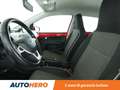 SEAT Mii 1.0 Chic Rosso - thumbnail 10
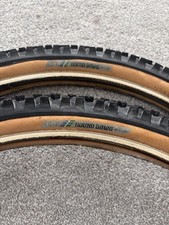 Retro tioga hound dawg tyres - tioga,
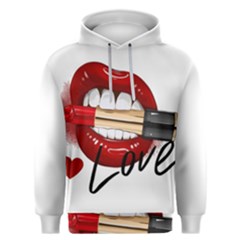 Adobe Express 20220717 1721280 9235749027681339 Fashion-printed-clothing-accessories (1) Men s Overhead Hoodie by sunkissedallure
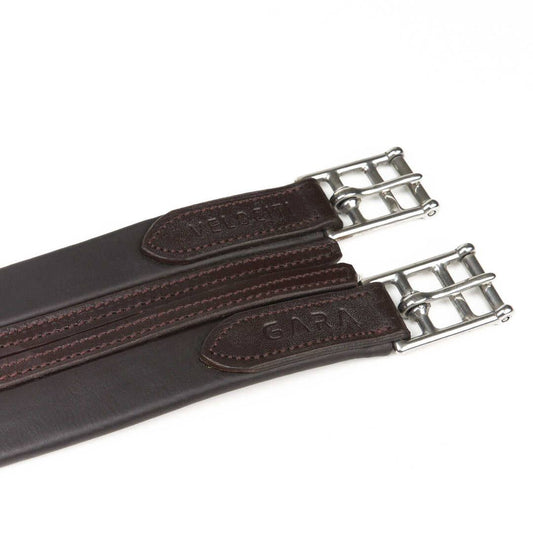Velociti GARA Atherstone Girth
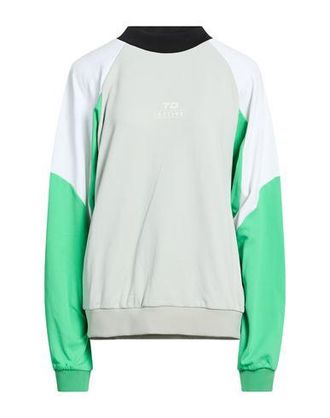 7 Days Active CAMISETAS Y TOPS - Sudaderas en YOOX.COM
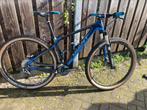 Giant XTC advanced 29er XTR di2 maat M, Gebruikt, Hardtail, 53 tot 57 cm, Giant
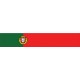 logo groland adesivo adesivo adesivo GRD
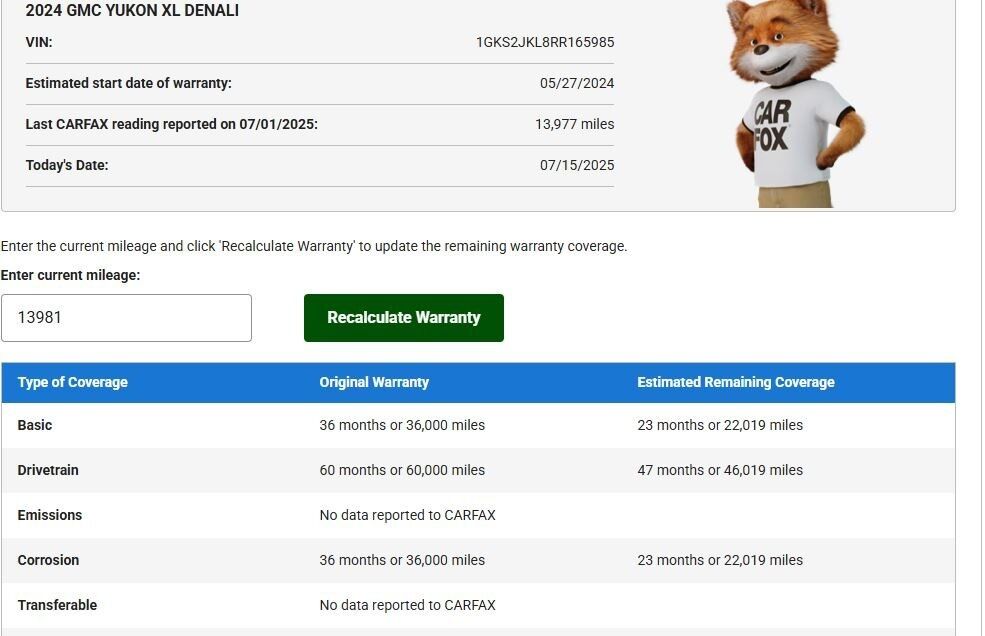 2024 GMC Yukon XL Denali 4WD Fond du Lac WI 2024 GMC Yukon XL Denali 4WD Fond du Lac WI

━━━━━━

What is needed is a word-for-word restatement of the lines from the one holding "7 Days Active" to the final line of the data above, inclusive, without any pictures.

 7 Days Active CAMISETAS Y TOPS - Sudaderas en YOOX.COM
 Giant XTC advanced 29er XTR di2 maat M, Gebruikt, Hardtail, 53 tot 57 cm, Giant
 logo groland adesivo adesivo adesivo GRD
 2024 GMC Yukon XL Denali 4WD Fond du Lac WI 2024 GMC Yukon XL Denali 4WD Fond du Lac WI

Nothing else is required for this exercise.